The material below includes pictures; leave them out and return only the lines between the line containing "earthbirth's profile banner image" and the line containing "How Do You Know if Your Dog Has a Cold", inclusive, word for word.

Data:
● ● ● ●

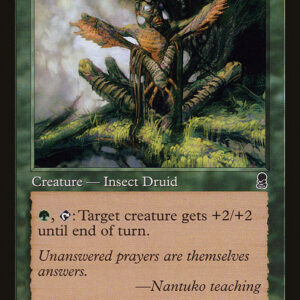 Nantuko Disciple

● ● ● ●

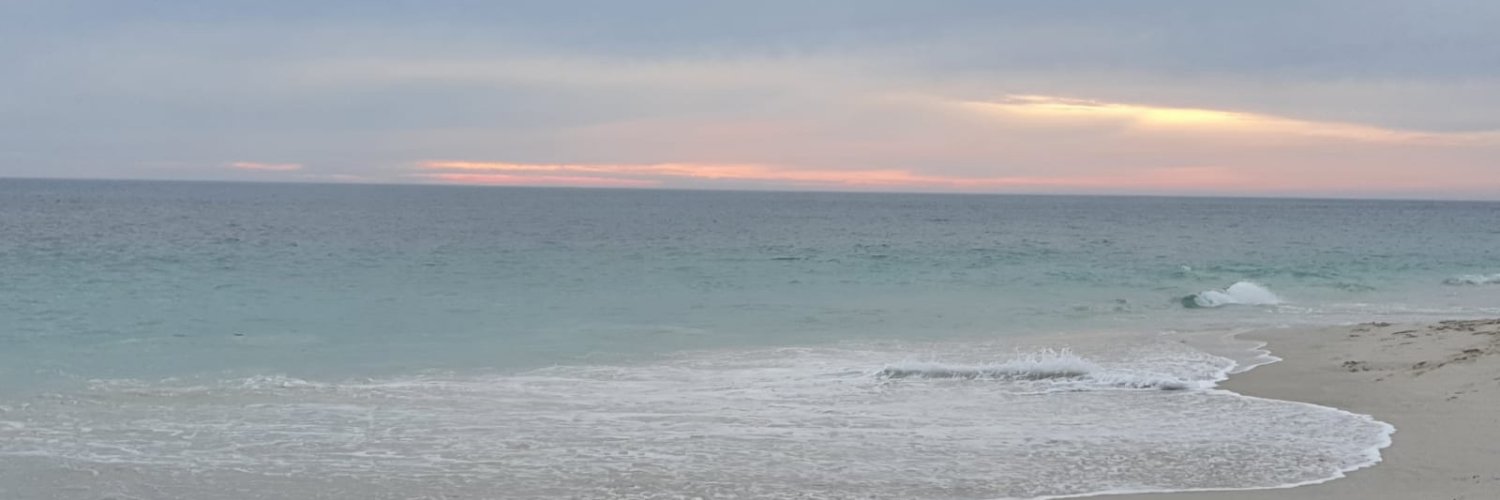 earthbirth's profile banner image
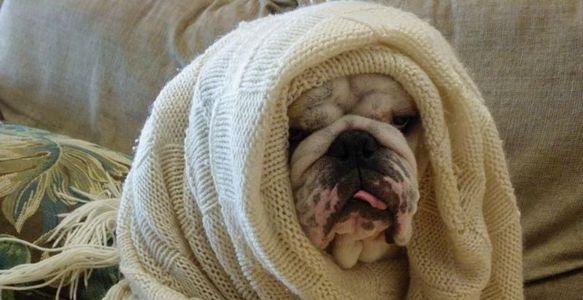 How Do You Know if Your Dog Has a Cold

● ● ● ●

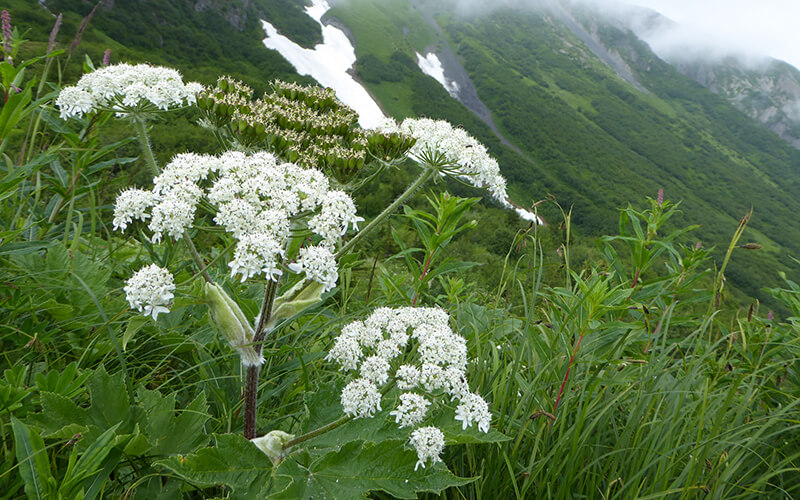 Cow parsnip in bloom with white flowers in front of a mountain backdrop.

● ● ● ●

Result below:
 earthbirth's profile banner image
 How Do You Know if Your Dog Has a Cold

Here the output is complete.